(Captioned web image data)

++++++

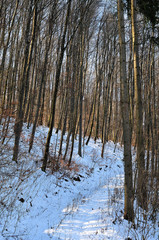 verschneiter Weg im Winterwald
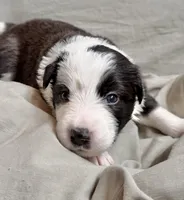 🌷Magenta collar- Seal- FEMALE🌷, a female Border Collie for sale in Washoe City, NV – Photo 5 of 10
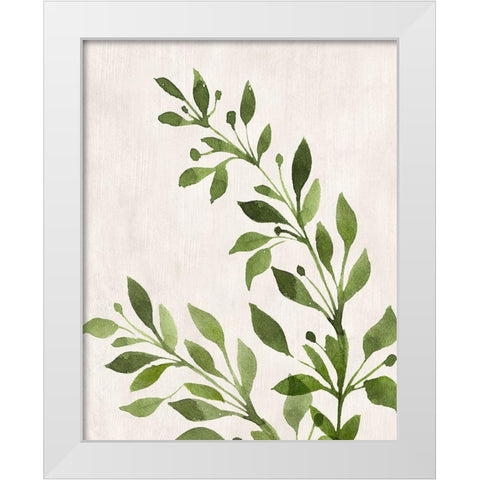 Botanical Wash I White Modern Wood Framed Art Print by Knutsen, Conrad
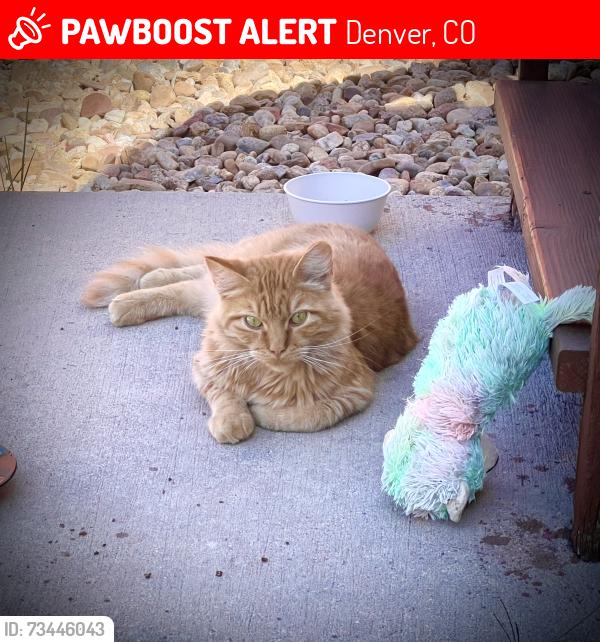 Lost Male Cat last seen Enid Way & Altura Street near Bolling Drive, Denver, CO 80239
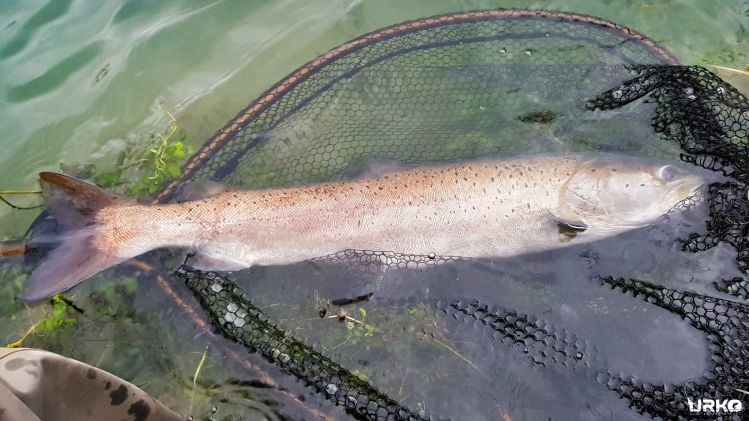 As Huchen season is slowly coming in to the last stage our #huchofever is not backing up. Recently we got few smaller ones and we are still waiting for some decent fish.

++++++

Nothing but the lines from the one containing "Photo 5 of 10" through the end of the entries should be written out, exactly and without pictures.

 🌷Magenta collar- Seal- FEMALE🌷, a female Border Collie for sale in Washoe City, NV – Photo 5 of 10
 Botanical Wash I White Modern Wood Framed Art Print by Knutsen, Conrad
 Lost Male Cat last seen Enid Way & Altura Street near Bolling Drive, Denver, CO 80239
 As Huchen season is slowly coming in to the last stage our #huchofever is not backing up. Recently we got few smaller ones and we are still waiting for some decent fish.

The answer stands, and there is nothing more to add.